Code
- The code can be found within this PDF
- Can also be found within this repo at static/images/wide_and_deep/wide_and_deep.pdf
Overview
This is a passion project I’ve been working on to deepen my understanding of recommender systems in my free time. While I’ve previously implemented simpler methods—such as matrix factorization or with basic content-based filtering, this project is my attempt to implement a more elegant solution inspired by this paper.
Architecture Summary
The model processes inputs related to user–item pairs and leverages two components:
- Wide component: uses cross-products to memorize feature interactions.
- Deep component: employs a neural network to generalize to unseen feature combinations.
The outputs of these two components are combined and updated jointly, with the goal of predicting whether a user would like a given item based on an explicit rating.
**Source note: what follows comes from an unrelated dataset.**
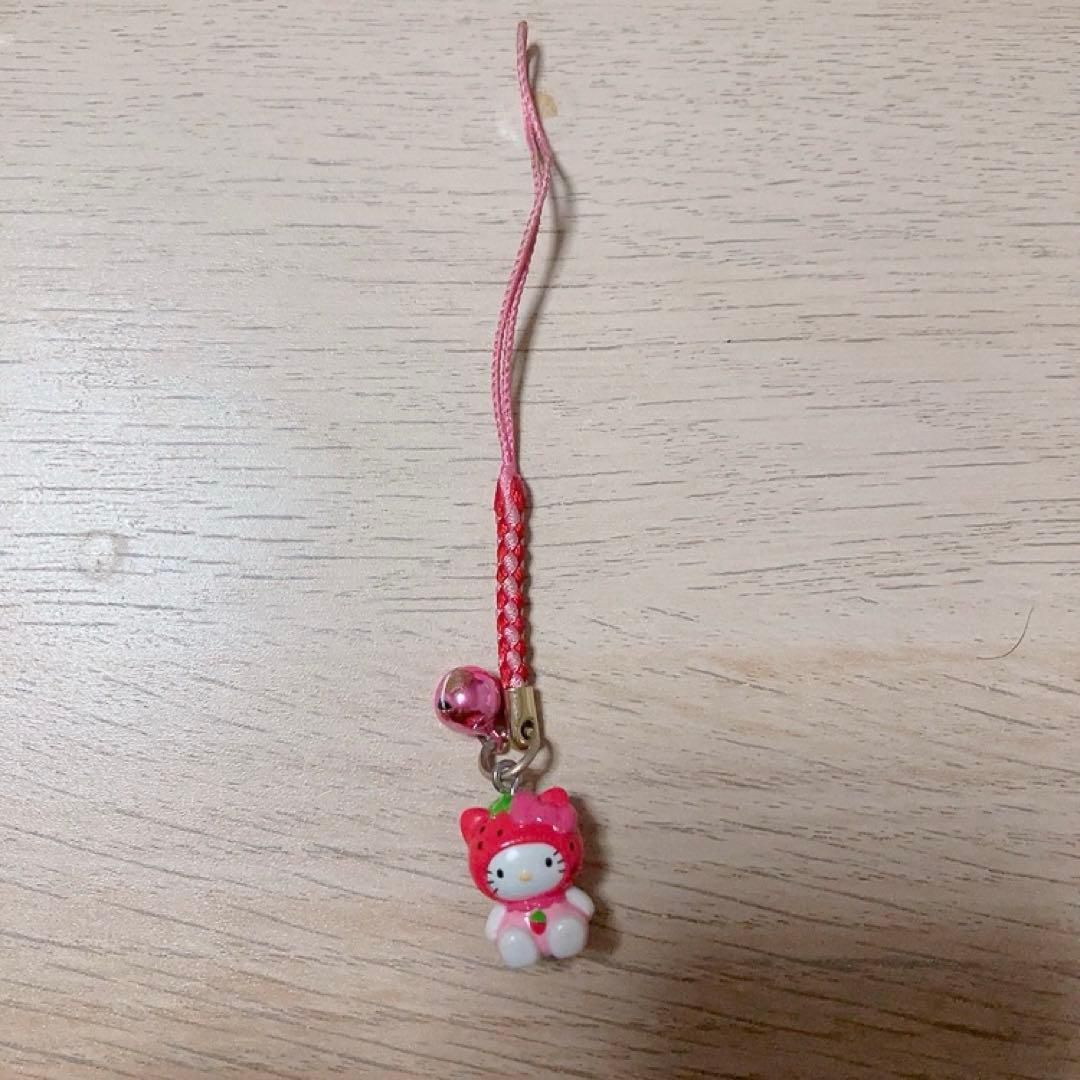 ハローキティ　ご当地　栃木　いちごキティ　ストラップ　キーホルダー　根付け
While the ratings in the dataset are between 0 and 5, I simplified the rating to be 1 for ratings >= 4 and 0 otherwise. With a binary goal in mind, we are able to train our model using binary cross-entropy loss (BCE).

Feature Engineering
The paper mentioned the utilization of cross-embeddings; however, I chose a different approach for this implementation.
- For the wide (linear) component, I transformed the continuous variables (
user_id
,book_id
) into one-hot embeddings. - For the deep component, I followed the paper’s suggestion and used an embedding layer to capture more complex relationships across features (
user_id
,book_id
, andgenre
).
Summary
While the model may not have captured much signal (or may have overfit the training set), I used AUC to evaluate its ability to distinguish between positive and negative classes on the test set. With random guessing, the AUC would be around 0.5, regardless of the class distribution.
In this dataset, about 68% of the examples were positive, and the model still achieved fair performance given the limited feature set (user ID, book ID, and a single genre). With additional metadata, the model would likely have identified stronger patterns between features and labels.
Overall, this can be considered a successful result.